Берёзу потом пытались спилить трижды. Первый раз в 1993 году — лесорубы из соседнего посёлка. Они приехали утром, к вечеру ушли, сказав, что «древесина гнилая, не берёт пила». На самом деле, как потом шептались, валили берёзу три мужика, и каждый раз, когда пила касалась ствола, она начинала скрежетать как живая, а из-под коры текла жидкость, похожая на кровь.
Второй раз — в 1999-м, уже экскаватором. Экскаватор заглох в ста метрах от берёзы. Механик потом клялся, что видел, как дерево шевельнулось — чуть-чуть, на несколько градусов, — и из его веток, из молодых, из свежих, потекли те самые капли — красные, густые, пахучие. Он не стал заводить экскаватор повторно. Он уехал и больше никогда не работал в этих краях.
Третий раз — в 2008 году, уже местные жители, устав от бесконечных пропаж и странных историй, сами пришли с бензопилами и канистрой бензина. Они хотели сжечь берёзу. Но когда они подошли к ней, они увидели, что на стволе появилась новая метка. Не одна — сотня. Весь ствол был исписан красными знаками. И в центре, на высоте человеческого роста, было что-то, что заставило их развернуться и уйти. Не лицо. Не надпись. А отпечаток — того, кого они не могли описать, но кого каждая из этих женщин видела в ту ночь на болоте в 1987 году.

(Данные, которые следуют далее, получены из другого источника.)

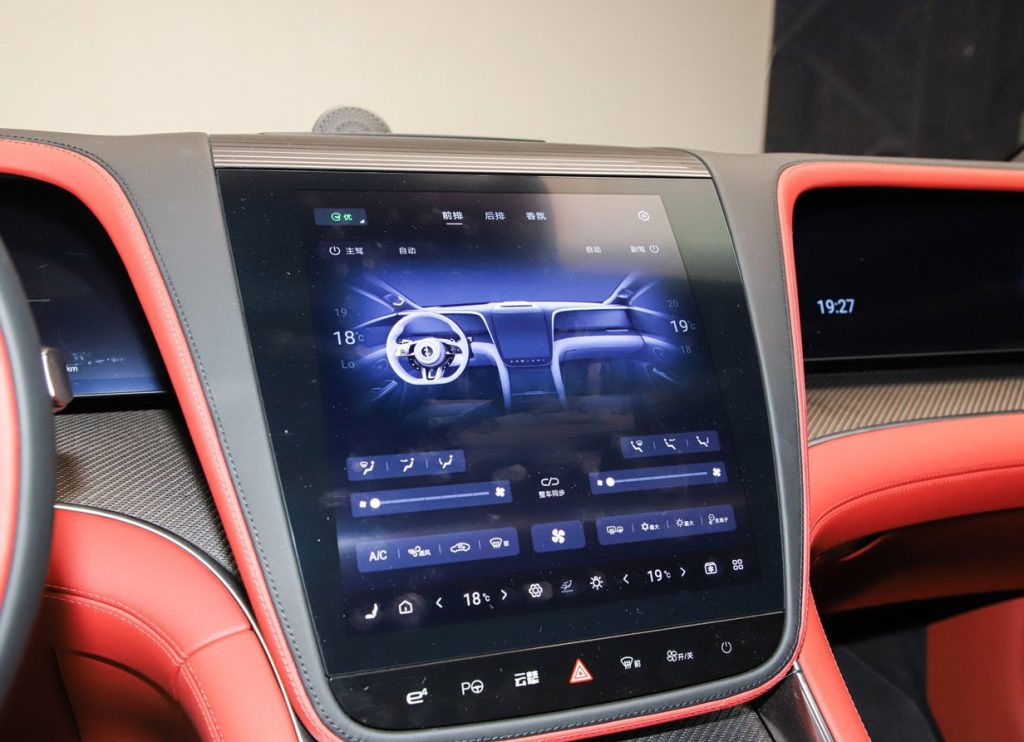 From Aircraft Carrier to Highway: How BYD’s Yangwang U7 Is Rewriting the Rules of Luxury Cars From Aircraft Carrier to Highway: How BYD’s Yangwang U7 Is Rewriting the Rules of Luxury Cars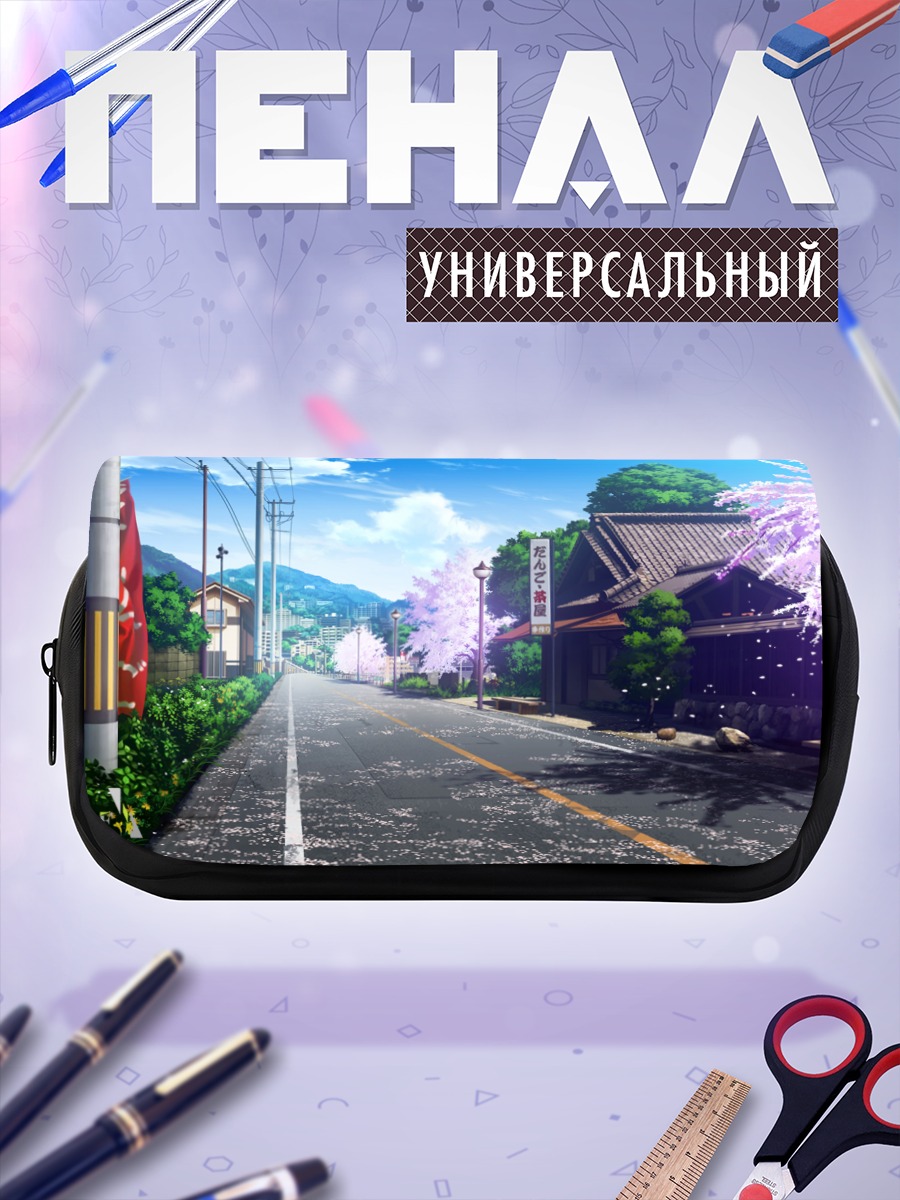 Пенал-косметичка Летняя дорога в деревне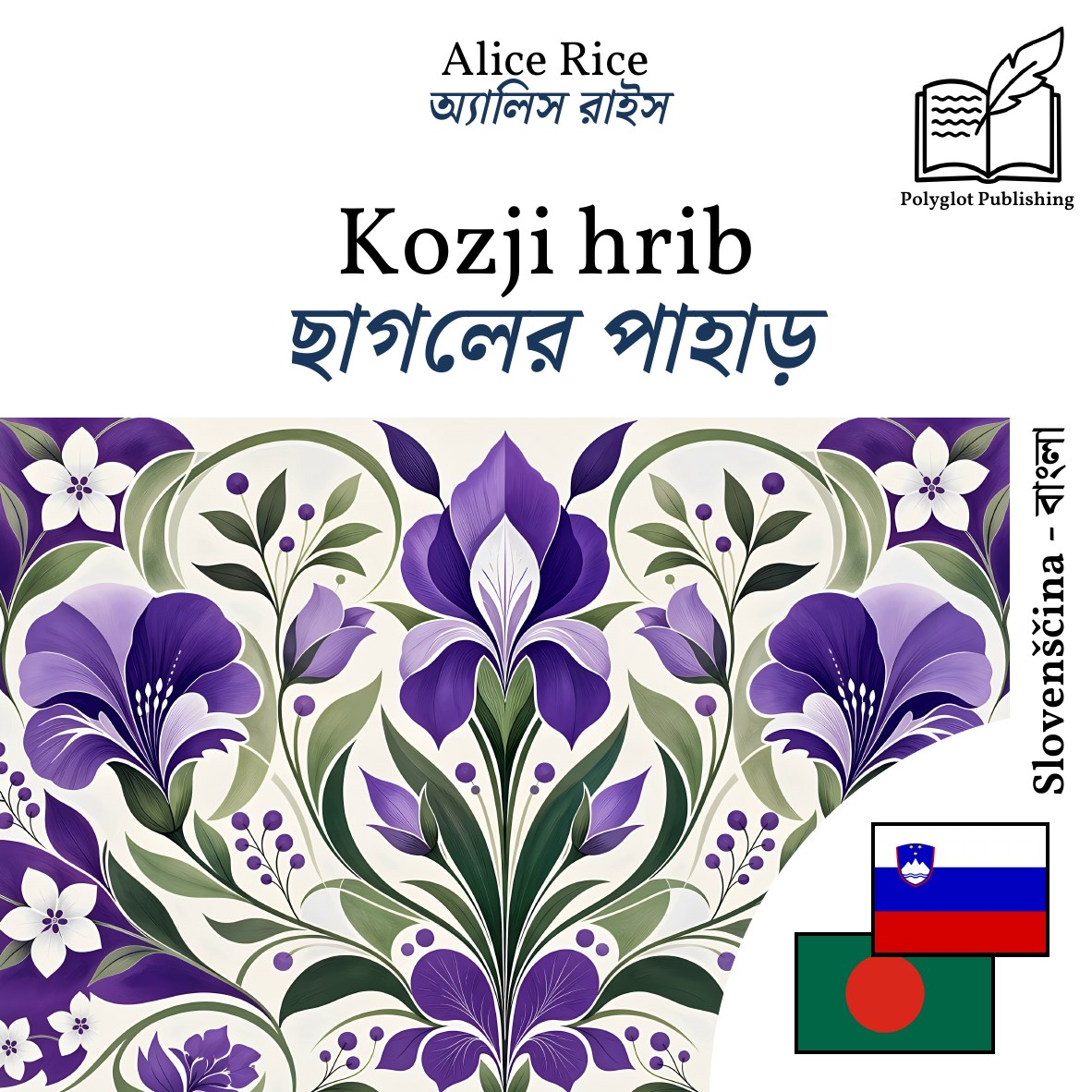 ছাগলের পাহাড়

Берёза стоит до сих пор. И красные метки на ней по-прежнему яркие — как будто их нанесли вчера. Каждую осень, когда созревает клюква, местные жители обходят болото стороной. Они говорят: «Мы не суеверные. Просто там плохое место». Но по ночам, если прислушаться, с болота доносится гул. И иногда — в полнолуние, когда туман поднимается над трясиной, — можно увидеть фигуру. Высокую, тощую, в чёрном. Она стоит у берёзы и смотрит на посёлок. И в руках у неё — корзина, полная клюквы. Красной, как кровь.
Эпилог
Вы сейчас дочитаете эти строки, закроете файл и попытаетесь забыть. Но не забывайте. Потому что эта история не закончилась — она продолжается каждую ночь в тех снах, которые женщины видели до самой смерти. И если вы когда-нибудь пойдёте в лес — в любой лес, не обязательно камчатский, — и увидите старую берёзу с красной меткой на стволе, не подходите к ней. Не смотрите на неё. Не думайте о ней. Потому что она почувствует ваш взгляд. А если она почувствует — то и вы почувствуете то, что чувствуют все, кто заходил за запретную черту. Дрожь в затылке. Звук шагов за спиной. Голос, который зовёт вас по имени голосом того, кого давно нет в живых. И тогда вы узнаете, что такое настоящий ужас — не тот, что показывают в кино, а тот, что живёт в земле, под мхом, под корнями, под нашими ногами, и ждёт, когда мы сделаем один неверный шаг. Теперь история рассказана. Вы её прочитали. И красная метка — теперь на вашей памяти. Засыпайте со светом. И не оглядывайтесь. Пожалуйста, не оглядывайтесь.